Principles and Goals That Govern the Interventional Treatment of Atrial Fibrillation

The Study of Arrhythmias Using Surgical Scars

All tissue, including myocardium, subjected to irreversible damage heals by forming scars that consist of fibrocytes that do not conduct electrical activity. From GR Mines’ first description of reentry in 1914 to Will Sealy’s first surgical procedure to interrupt an accessory pathway responsible for the Wolff-Parkinson-White syndrome in 1968 (54 years between the procedures), scars were used exclusively to study arrhythmias. Sealy’s operation marked the first time that a surgical scar had ever been used to treat an arrhythmia, though it was also important in establishing the mechanism of the arrhythmia. Until that successful surgical procedure, many prominent cardiologists of the day believed that longitudinal dissociation of the His bundle was the underlying electrophysiologic abnormality responsible for WPW syndrome. Although Sealy’s successful WPW operation was crucial to the final documentation of the underlying electrophysiology of WPW syndrome, it was also the basis for all subsequent interventional therapy for cardiac arrhythmias.

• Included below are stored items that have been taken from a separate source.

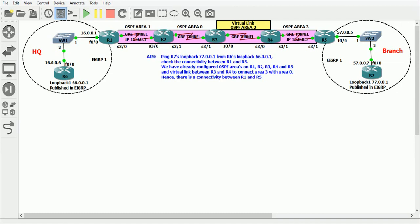I created an EIGRP route on the headquarter and branch routers so that they can reach each other through the ISP router, and they will be unable to reach the networks on each other's loopback interface. Let me first check the connectivity between Router 5 and Router 1. From Router 1, ping 45.0.0.5.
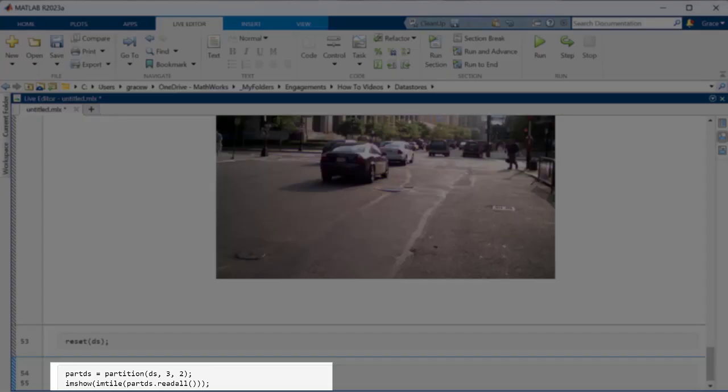This divides the datastore into multiple parts of equal size, or as close to equal as possible, then creates a new datastore that points to one of those parts. For example, I want to partition our data into three parts and return a datastore that points to the second part, which I'll call part_ds.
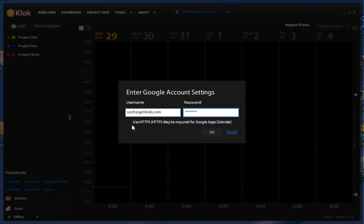Okay, if you have Google Apps versus a Gmail Calendar, you may or may not have to use its HTTPS options.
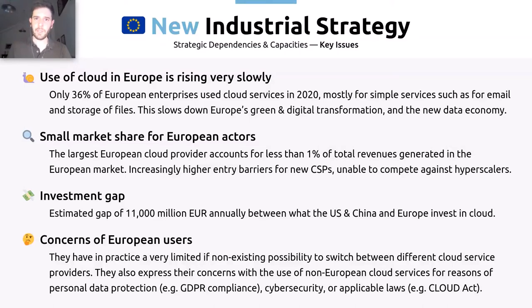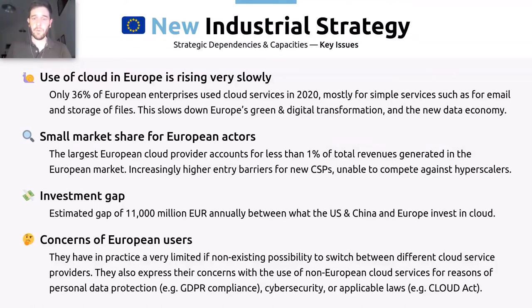This low adoption is seen as something jeopardizing European efforts to undertake a green and digital transformation and to adopt artificial intelligence and the data economy. Another major issue is the tiny market share for European cloud service providers compared with non-European hyperscalers. This very small percentage of revenues for European cloud providers is creating increasingly higher entry barriers for companies that want to compete in the public cloud market, making them unable to compete with hyperscalers in practice.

The Maze procedure served a similar function in elucidating the underlying mechanisms responsible for sustained atrial fibrillation (AF). Although AF is infinitely more complex than WPW syndrome, the Maze procedure’s success in the treatment of patients with paroxysmal, persistent, and long-standing persistent AF has provided several undeniable facts regarding the electrophysiology of AF. For example, if AF were sustained by the continuous firing of focal triggers in the atrium, the Maze procedure would simply not work because the focal triggers located between the lesions of the Maze procedure would continue to cause the atria to fibrillate (see Chapter 4 , Fig. 4.21 ). Indeed, this was the basis of Gordon Moe’s original experiments in the early 1960s.

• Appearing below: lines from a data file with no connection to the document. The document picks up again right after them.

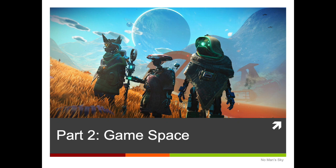Hello, welcome to this second video on procedural generation for Comp 6259 Advanced Game Design at the University of Southampton. My name is Dave Millard, I'm one of the lecturers on the course. In this video we're going to be having a look at procedural content generation for game spaces.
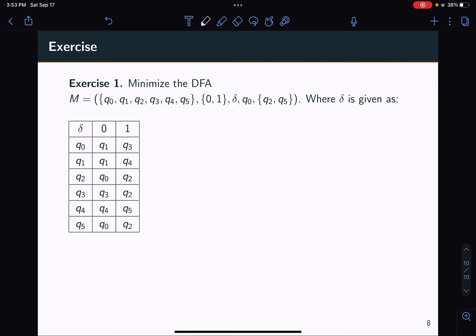All right, welcome back everyone. In this video, we'll be looking at a solution for minimizing the DFA M that's given here. We're going to apply the state reduction algorithm from scratch. So let's get right into it.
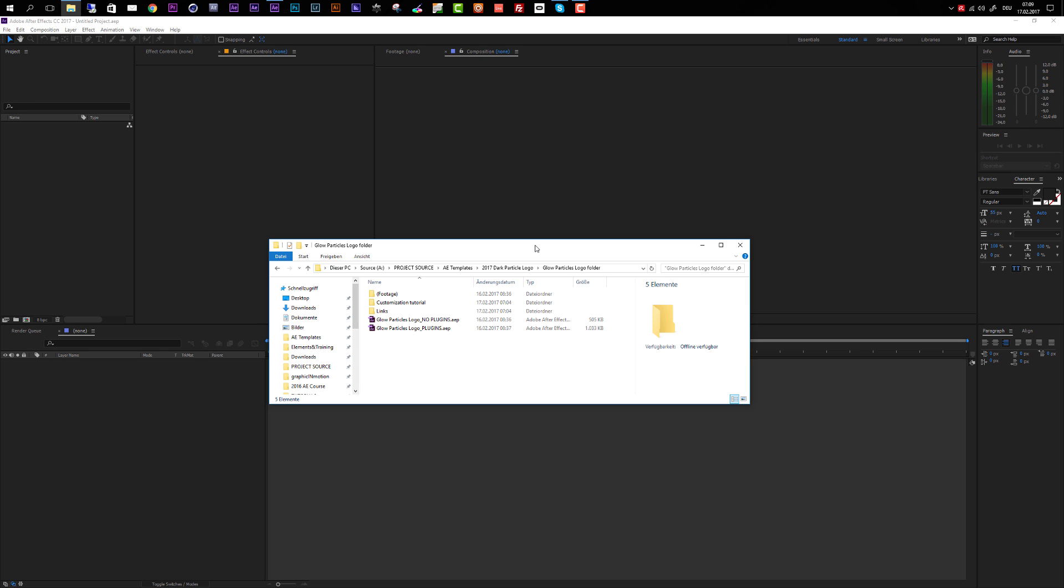If you already purchased this template through VideoHive, then thank you very much for your support. I hope that you like the template and that you create some really cool stuff with it.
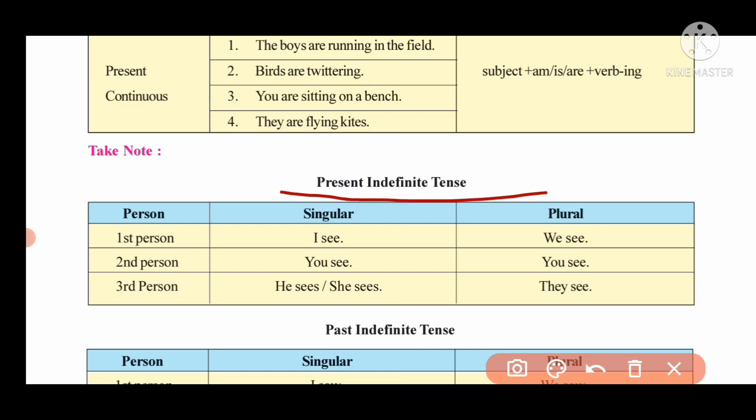Present indefinite tense is also very important. Let's review its rules.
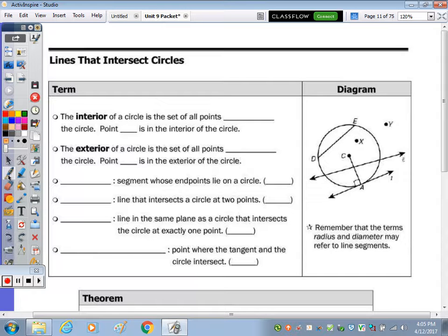Today we're going to start a new unit on circles. At the top of the page we have some vocabulary with a diagram to the right. The first bullet says the interior of a circle is the set of all points blank the circle — well, the interior of a circle is all of the points inside the circle.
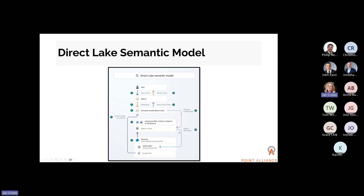Just a brief example of how DirectLake works — you've got your report and your semantic model, which is the definition of your data model within the Power BI report. It will fall back to direct query for tables and views, queries delta tables directly, and then back up to the semantic model for Parquet files.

Isolation of the focal triggers in and around the pulmonary veins decreases the likelihood that an AF episode will occur, but it does not make the atria incapable of fibrillating. Thus the focal triggers are largely irrelevant in the more sustained types of AF. As a result, their isolation or ablation has a salutary effect on paroxysmal AF but a suboptimal effect on persistent AF and long-standing persistent AF. The occasional successful ablation of persistent and long-standing persistent AF by pulmonary vein isolation (PVI) is not because the PVI isolates the triggers that induce AF but rather because the PVI has inadvertently interrupted the macro-reentrant circuits sustaining AF in that particular patient.

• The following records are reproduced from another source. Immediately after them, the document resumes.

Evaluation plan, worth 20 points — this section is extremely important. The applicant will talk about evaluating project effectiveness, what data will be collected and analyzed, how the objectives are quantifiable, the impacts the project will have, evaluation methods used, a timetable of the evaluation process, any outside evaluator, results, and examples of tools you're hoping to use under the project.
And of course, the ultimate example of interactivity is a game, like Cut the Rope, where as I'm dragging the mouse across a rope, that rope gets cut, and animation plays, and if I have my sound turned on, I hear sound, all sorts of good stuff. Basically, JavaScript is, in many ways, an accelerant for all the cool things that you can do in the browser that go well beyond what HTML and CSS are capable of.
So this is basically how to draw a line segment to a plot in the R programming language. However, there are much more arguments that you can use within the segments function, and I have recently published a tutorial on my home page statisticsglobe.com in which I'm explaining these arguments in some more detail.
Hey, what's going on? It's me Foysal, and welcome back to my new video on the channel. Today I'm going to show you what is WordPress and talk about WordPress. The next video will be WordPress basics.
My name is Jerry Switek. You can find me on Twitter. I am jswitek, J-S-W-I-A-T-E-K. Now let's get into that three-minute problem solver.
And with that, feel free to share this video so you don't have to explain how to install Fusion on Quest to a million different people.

The Concept of Ablation and Isolation Procedures

Regardless of whether the cause of an arrhythmia is automatic, micro-reentrant, macro-reentrant, or some combination of these mechanisms, the interventional approach to its treatment follows certain principles that should be understood by all arrhythmia surgeons and interventional electrophysiologists. We have found it helpful to categorize interventional procedures for cardiac arrhythmias into either isolation procedures or ablation procedures. Isolation procedures do not actually ablate arrhythmias; rather, they confine them and/or their triggers to a specific region of the heart that minimizes their adverse effects in the remainder of the heart. Examples of isolation procedures are elective His bundle ablation, the left atrial (LA) isolation procedure, and PVI.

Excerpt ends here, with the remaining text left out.